Я все сделал, чтобы остановить кровотечение. Но на розвальни мы положили уже мертвое тело.
* * *
В Большую Зимницу прибыли на третьи сутки. Гажалу похоронили в центре села, на площади.
Не заметил, как без шапки вышел за село. Долго бродил без дорог, без тропинок, по цельному снегу. Анатолий... Толя... Друг мой. Часть и моей жизни унес ты с собой, И какой жизни!
Смотрю на запад, откуда доносится оглушительная орудийная канонада. Закипает в груди ненависть, сжимаются кулаки.
Стемнело, когда я вернулся в деревню. Площадь. Свежий холмик. От свежепокрашенной граненой колонки со звездой отделилась фигура девушки. Поравнявшись с ней, я остановился.
— Люба, ты?
Она молча приблизилась. Положила руку на мое плечо — ей было трудно держаться на ногах после ранения. Гажала ушел из жизни, так и не узнав, какие чувства он разбудил в душе Любы.
— Идем, я провожу тебя. Полежишь несколько дней. Рана, конечно, заживет.
Прихрамывая, опираясь на мою руку, она шла рядом.
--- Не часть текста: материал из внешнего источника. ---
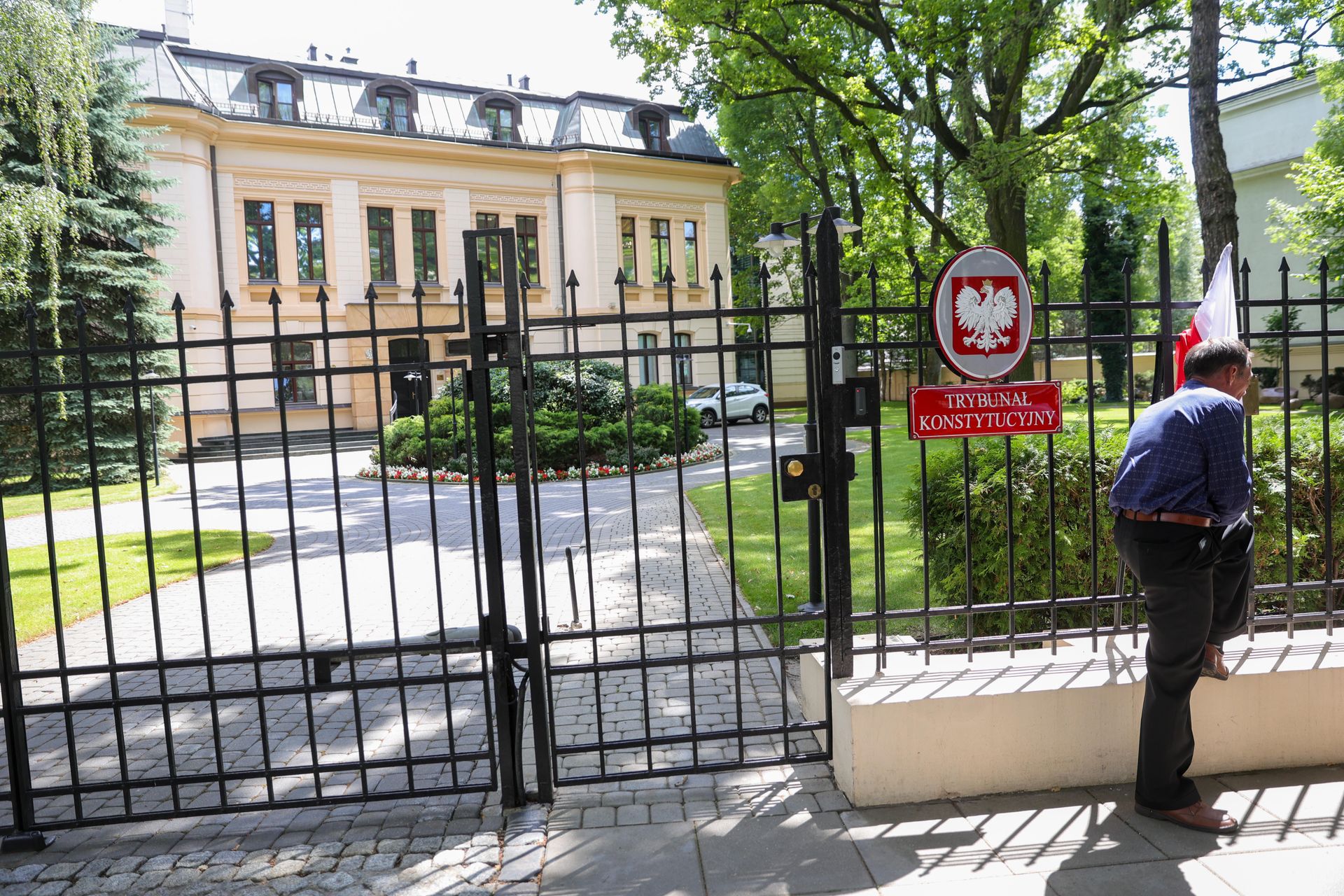 Nowi sędziowie TK ryzykują? Rezygnują z dotychczasowej pracy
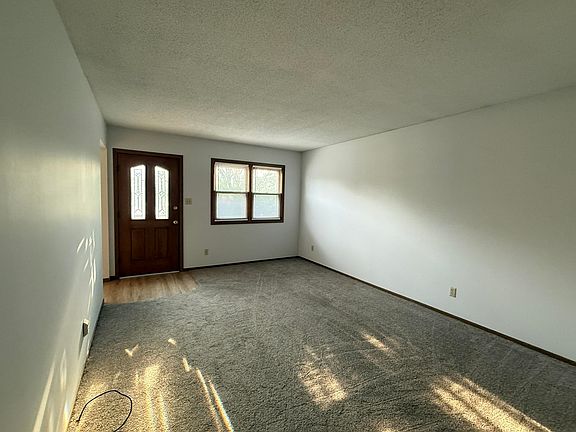 2nd image of 3118 Stone St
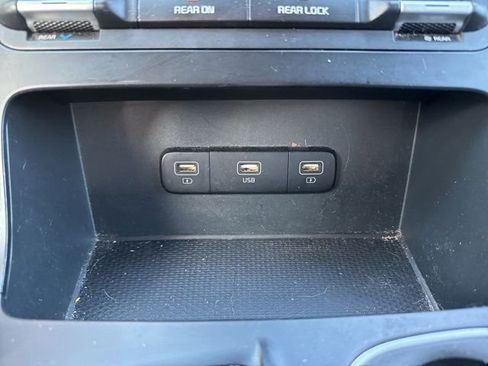 Used 2022 Kia Carnival LX FWD image 15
Новые, необычные для Любы нотки послышались в ее голосе:
— Такие раны не заживают...
Левчук, Уманская, Бородин
Напряженные схватки с врагом на новых рубежах не могли продолжаться долго. Постепенно наши части перешли к обороне. Сначала раненых в госпиталь поступало много. Потом — от случая к случаю: кто-то попал под артналет, кто-то не уберегся от пули снайпера, кто-то подорвался на мине.
Большинство раненых эвакуировали в тыл. Оставалось несколько тяжелых и выздоравливающих.
Совсем выздоровел Степан Левчук.
То, что произошло с ним и Катей Уманской, взволновало весь госпиталь. Особенно переживал Бородин, он потерял покой и сон.